**Dataset records**
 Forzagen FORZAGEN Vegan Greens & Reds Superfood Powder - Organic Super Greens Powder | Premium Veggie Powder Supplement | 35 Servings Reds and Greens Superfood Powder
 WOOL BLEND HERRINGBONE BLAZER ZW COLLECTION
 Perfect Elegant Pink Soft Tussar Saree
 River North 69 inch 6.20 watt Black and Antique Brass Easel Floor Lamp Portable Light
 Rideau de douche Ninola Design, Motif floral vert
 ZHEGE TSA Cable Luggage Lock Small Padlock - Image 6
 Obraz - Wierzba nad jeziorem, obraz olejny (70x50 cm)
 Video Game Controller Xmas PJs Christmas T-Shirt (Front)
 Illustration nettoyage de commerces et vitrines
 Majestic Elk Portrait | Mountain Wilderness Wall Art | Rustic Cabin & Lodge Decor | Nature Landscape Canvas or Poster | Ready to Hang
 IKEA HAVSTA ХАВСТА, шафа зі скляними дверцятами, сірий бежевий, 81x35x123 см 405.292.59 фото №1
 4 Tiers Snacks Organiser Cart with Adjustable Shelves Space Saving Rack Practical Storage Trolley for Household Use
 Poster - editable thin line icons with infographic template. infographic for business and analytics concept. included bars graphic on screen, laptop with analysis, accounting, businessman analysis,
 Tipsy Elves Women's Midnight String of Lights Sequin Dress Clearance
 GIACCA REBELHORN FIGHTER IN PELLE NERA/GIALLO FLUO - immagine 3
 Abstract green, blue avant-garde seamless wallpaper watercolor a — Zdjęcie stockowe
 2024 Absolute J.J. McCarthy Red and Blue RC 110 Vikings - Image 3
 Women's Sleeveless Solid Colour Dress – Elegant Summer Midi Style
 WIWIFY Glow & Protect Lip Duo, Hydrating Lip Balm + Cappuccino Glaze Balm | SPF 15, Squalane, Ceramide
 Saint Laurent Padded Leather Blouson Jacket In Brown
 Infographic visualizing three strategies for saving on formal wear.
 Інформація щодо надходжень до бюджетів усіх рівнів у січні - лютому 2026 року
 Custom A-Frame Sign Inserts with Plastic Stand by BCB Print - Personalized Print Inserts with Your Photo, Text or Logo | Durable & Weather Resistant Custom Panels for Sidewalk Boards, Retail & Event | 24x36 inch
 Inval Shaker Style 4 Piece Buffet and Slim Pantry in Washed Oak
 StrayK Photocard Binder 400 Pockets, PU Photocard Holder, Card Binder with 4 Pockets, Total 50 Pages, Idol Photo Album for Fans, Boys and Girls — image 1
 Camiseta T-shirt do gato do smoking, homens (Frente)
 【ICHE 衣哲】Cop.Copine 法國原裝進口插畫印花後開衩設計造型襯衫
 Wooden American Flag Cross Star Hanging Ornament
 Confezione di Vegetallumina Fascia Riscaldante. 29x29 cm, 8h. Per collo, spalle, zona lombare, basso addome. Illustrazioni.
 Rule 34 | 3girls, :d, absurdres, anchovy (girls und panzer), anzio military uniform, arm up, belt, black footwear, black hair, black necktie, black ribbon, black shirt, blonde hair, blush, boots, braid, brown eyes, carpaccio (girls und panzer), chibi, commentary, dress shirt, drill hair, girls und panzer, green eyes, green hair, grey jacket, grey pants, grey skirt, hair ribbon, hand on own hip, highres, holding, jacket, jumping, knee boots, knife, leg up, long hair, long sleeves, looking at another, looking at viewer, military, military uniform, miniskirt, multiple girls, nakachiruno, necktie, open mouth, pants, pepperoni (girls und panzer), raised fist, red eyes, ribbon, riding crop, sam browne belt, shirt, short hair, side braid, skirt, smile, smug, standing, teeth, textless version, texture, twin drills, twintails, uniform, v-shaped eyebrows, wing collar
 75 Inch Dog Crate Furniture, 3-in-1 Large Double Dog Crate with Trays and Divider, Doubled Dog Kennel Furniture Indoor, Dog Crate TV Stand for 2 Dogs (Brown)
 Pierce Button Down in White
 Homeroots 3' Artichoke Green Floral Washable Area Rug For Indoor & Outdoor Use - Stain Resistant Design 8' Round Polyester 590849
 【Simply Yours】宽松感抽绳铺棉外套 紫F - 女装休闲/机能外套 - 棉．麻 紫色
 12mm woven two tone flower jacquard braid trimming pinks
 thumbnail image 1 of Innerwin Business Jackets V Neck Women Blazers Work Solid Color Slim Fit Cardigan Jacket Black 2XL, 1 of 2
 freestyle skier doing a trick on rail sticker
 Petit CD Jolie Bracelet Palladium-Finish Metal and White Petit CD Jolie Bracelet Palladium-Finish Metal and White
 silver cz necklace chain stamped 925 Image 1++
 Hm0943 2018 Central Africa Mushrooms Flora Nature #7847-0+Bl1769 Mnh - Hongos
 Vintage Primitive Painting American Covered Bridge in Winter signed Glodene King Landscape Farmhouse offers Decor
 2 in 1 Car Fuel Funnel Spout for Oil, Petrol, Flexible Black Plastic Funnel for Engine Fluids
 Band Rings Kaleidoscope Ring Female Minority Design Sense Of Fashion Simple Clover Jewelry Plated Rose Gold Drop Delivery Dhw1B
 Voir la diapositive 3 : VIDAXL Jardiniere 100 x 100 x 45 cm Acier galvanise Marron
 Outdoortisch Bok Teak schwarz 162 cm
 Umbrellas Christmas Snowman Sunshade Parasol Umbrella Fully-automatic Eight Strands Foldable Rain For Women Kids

**Exercise instructions**
Each line above must be returned exactly as written.

**Written response**
 Forzagen FORZAGEN Vegan Greens & Reds Superfood Powder - Organic Super Greens Powder | Premium Veggie Powder Supplement | 35 Servings Reds and Greens Superfood Powder
 WOOL BLEND HERRINGBONE BLAZER ZW COLLECTION
 Perfect Elegant Pink Soft Tussar Saree
 River North 69 inch 6.20 watt Black and Antique Brass Easel Floor Lamp Portable Light
 Rideau de douche Ninola Design, Motif floral vert
 ZHEGE TSA Cable Luggage Lock Small Padlock - Image 6
 Obraz - Wierzba nad jeziorem, obraz olejny (70x50 cm)
 Video Game Controller Xmas PJs Christmas T-Shirt (Front)
 Illustration nettoyage de commerces et vitrines
 Majestic Elk Portrait | Mountain Wilderness Wall Art | Rustic Cabin & Lodge Decor | Nature Landscape Canvas or Poster | Ready to Hang
 IKEA HAVSTA ХАВСТА, шафа зі скляними дверцятами, сірий бежевий, 81x35x123 см 405.292.59 фото №1
 4 Tiers Snacks Organiser Cart with Adjustable Shelves Space Saving Rack Practical Storage Trolley for Household Use
 Poster - editable thin line icons with infographic template. infographic for business and analytics concept. included bars graphic on screen, laptop with analysis, accounting, businessman analysis,
 Tipsy Elves Women's Midnight String of Lights Sequin Dress Clearance
 GIACCA REBELHORN FIGHTER IN PELLE NERA/GIALLO FLUO - immagine 3
 Abstract green, blue avant-garde seamless wallpaper watercolor a — Zdjęcie stockowe
 2024 Absolute J.J. McCarthy Red and Blue RC 110 Vikings - Image 3
 Women's Sleeveless Solid Colour Dress – Elegant Summer Midi Style
 WIWIFY Glow & Protect Lip Duo, Hydrating Lip Balm + Cappuccino Glaze Balm | SPF 15, Squalane, Ceramide
 Saint Laurent Padded Leather Blouson Jacket In Brown
 Infographic visualizing three strategies for saving on formal wear.
 Інформація щодо надходжень до бюджетів усіх рівнів у січні - лютому 2026 року
 Custom A-Frame Sign Inserts with Plastic Stand by BCB Print - Personalized Print Inserts with Your Photo, Text or Logo | Durable & Weather Resistant Custom Panels for Sidewalk Boards, Retail & Event | 24x36 inch
 Inval Shaker Style 4 Piece Buffet and Slim Pantry in Washed Oak
 StrayK Photocard Binder 400 Pockets, PU Photocard Holder, Card Binder with 4 Pockets, Total 50 Pages, Idol Photo Album for Fans, Boys and Girls — image 1
 Camiseta T-shirt do gato do smoking, homens (Frente)
 【ICHE 衣哲】Cop.Copine 法國原裝進口插畫印花後開衩設計造型襯衫
 Wooden American Flag Cross Star Hanging Ornament
 Confezione di Vegetallumina Fascia Riscaldante. 29x29 cm, 8h. Per collo, spalle, zona lombare, basso addome. Illustrazioni.
 Rule 34 | 3girls, :d, absurdres, anchovy (girls und panzer), anzio military uniform, arm up, belt, black footwear, black hair, black necktie, black ribbon, black shirt, blonde hair, blush, boots, braid, brown eyes, carpaccio (girls und panzer), chibi, commentary, dress shirt, drill hair, girls und panzer, green eyes, green hair, grey jacket, grey pants, grey skirt, hair ribbon, hand on own hip, highres, holding, jacket, jumping, knee boots, knife, leg up, long hair, long sleeves, looking at another, looking at viewer, military, military uniform, miniskirt, multiple girls, nakachiruno, necktie, open mouth, pants, pepperoni (girls und panzer), raised fist, red eyes, ribbon, riding crop, sam browne belt, shirt, short hair, side braid, skirt, smile, smug, standing, teeth, textless version, texture, twin drills, twintails, uniform, v-shaped eyebrows, wing collar
 75 Inch Dog Crate Furniture, 3-in-1 Large Double Dog Crate with Trays and Divider, Doubled Dog Kennel Furniture Indoor, Dog Crate TV Stand for 2 Dogs (Brown)
 Pierce Button Down in White
 Homeroots 3' Artichoke Green Floral Washable Area Rug For Indoor & Outdoor Use - Stain Resistant Design 8' Round Polyester 590849
 【Simply Yours】宽松感抽绳铺棉外套 紫F - 女装休闲/机能外套 - 棉．麻 紫色
 12mm woven two tone flower jacquard braid trimming pinks
 thumbnail image 1 of Innerwin Business Jackets V Neck Women Blazers Work Solid Color Slim Fit Cardigan Jacket Black 2XL, 1 of 2
 freestyle skier doing a trick on rail sticker
 Petit CD Jolie Bracelet Palladium-Finish Metal and White Petit CD Jolie Bracelet Palladium-Finish Metal and White
 silver cz necklace chain stamped 925 Image 1++
 Hm0943 2018 Central Africa Mushrooms Flora Nature #7847-0+Bl1769 Mnh - Hongos
 Vintage Primitive Painting American Covered Bridge in Winter signed Glodene King Landscape Farmhouse offers Decor
 2 in 1 Car Fuel Funnel Spout for Oil, Petrol, Flexible Black Plastic Funnel for Engine Fluids
 Band Rings Kaleidoscope Ring Female Minority Design Sense Of Fashion Simple Clover Jewelry Plated Rose Gold Drop Delivery Dhw1B
 Voir la diapositive 3 : VIDAXL Jardiniere 100 x 100 x 45 cm Acier galvanise Marron
 Outdoortisch Bok Teak schwarz 162 cm
 Umbrellas Christmas Snowman Sunshade Parasol Umbrella Fully-automatic Eight Strands Foldable Rain For Women Kids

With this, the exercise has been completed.